Riconosciamo Cristo
nei suoi apostoli
di Vladimir Zelinskij
Si dice, a volte, che i grandi apostoli abbiano anche lasciato il proprio sigillo sulle spalle delle grandi confessioni. Come se lo scisma tra l’Oriente e l’Occidente fosse stato generato dalla fatale incompatibilità tra Pietro, guardiano delle chiavi del Regno, e Giovanni, guardiano del tesoro della contemplazione celeste. E che in seguito, all’interno dell’Occidente cristiano, lo scontro sia stato inevitabilmente prodotto dal fermo e freddo blocco istituzionale e dal fuoco della predica, dalla spada della parola. Vale a dire, dal conflitto covato fra Pietro e Paolo, che è poi esploso nella Riforma. Queste figure di pensiero sono comode, forse, a livello di immaginazione, e ci portano, tuttavia, lontano dalla verità, dal legame indissolubile del messaggio apostolico.
Tra gli apostoli esiste non soltanto una essenziale parentela, ma in ciascuno di essi si può scoprire la paternità spirituale di un’altra Chiesa, il genio che è proprio ad altri. Così in Pietro, emblema dell’azione e dell’ordine, un ortodosso trova una sorgente della propria spiritualità, una "mina" per il suo "tesoro di Giovanni". Quando il Principe degli apostoli chiama ad «adornare l’interno del… cuore con un’anima incorruttibile piena di mitezza e di pace» (1Pt 3,4), non apre forse la strada che porta alla ricerca del cuore, alla teologia dell’uomo interiore, alla purificazione dell’anima? Quando il pescatore di Galilea rivela agli uomini il dono di diventare «partecipi della natura divina» (2Pt 1,4), sembra che lui abbia istruito san Gregorio Palamas o pregato con san Serafino di Sarov.
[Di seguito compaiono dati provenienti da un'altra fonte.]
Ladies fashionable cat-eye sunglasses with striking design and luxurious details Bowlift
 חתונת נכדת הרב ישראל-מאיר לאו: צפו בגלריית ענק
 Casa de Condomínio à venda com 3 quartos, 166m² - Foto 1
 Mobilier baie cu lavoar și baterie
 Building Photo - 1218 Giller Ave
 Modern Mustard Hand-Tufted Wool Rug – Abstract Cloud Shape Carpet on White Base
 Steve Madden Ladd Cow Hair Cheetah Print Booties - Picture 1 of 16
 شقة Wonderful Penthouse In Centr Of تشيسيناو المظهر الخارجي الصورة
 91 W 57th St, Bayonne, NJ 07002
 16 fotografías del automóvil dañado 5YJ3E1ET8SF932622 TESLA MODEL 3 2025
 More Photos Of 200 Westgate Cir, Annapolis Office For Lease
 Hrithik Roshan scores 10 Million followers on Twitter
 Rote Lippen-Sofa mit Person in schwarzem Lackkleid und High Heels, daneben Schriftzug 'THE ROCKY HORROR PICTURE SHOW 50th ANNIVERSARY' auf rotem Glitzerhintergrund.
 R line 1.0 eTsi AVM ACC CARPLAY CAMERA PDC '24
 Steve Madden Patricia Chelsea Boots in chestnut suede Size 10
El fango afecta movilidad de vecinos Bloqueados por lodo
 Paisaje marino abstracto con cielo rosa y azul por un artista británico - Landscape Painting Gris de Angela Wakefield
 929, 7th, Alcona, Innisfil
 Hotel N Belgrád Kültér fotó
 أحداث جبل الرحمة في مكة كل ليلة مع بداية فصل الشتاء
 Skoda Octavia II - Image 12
Esiste forse un’icona propria di san Paolo, dipinta a Bizanzio o in Russia? Le sue parole sul «mistero di Cristo che è in voi» (Col 1, 27) non hanno forse ripercussioni con la visione giovannea della luce che illumina ogni uomo che viene nel mondo (cf Gv 1,9)? O la rivelazione del Cristo partorito nel dolore «finché Lui non sia formato in voi» (cf. Gal 4,19) – ma anche in noi tutti – non anticipa la strada dell’ascetica orientale? La stessa lettera unisce il Paolo "mistico" che parla di «Colui che mi scelse fin dal seno di mia madre», col Paolo "cattolico" che proclama che questa scelta gli è stata offerta per l’annuncio del Figlio «in mezzo ai pagani» (Gal 1, 15-16). Oppure, la Lettera ai Romani – che parla della giustificazione per fede (5,1), proclamata con tanto entusiasmo da un Lutero o da un Karl Barth – non entra, forse, anche nell’orecchio orientale, insieme col messaggio di pace di Dio? Giustificazione gratuita e nello stesso tempo conquistata con la battaglia interiore.
Questa pace non può essere che il frutto della collaborazione con Dio, effetto di una sinergia. I nostri accordi ecumenici vengono sempre cercati nel dominio del pensiero o dei puri concetti, ma è nel cuore della fede vissuta che bisogna incontrarci gli uni cogli altri, prima che la fede si possa esprimere in formule immutabili o in tradizioni intoccabili. Ci si deve capire reciprocamente, nella vita con Dio e davanti a Dio: in una vita nutrita dalle stesse radici apostoliche. Ho sempre creduto che per ritrovare l’unità visibile bisognasse riconoscere il "nostro" Cristo nella fede degli altri. Ora penso che si possa andare avanti, imparando anche a riconoscere lo stesso Cristo nelle parole e nelle confessioni degli apostoli. Si possono discernere i tratti di Paolo in Pietro e scoprirne di ambedue in Giovanni – che dimora in loro.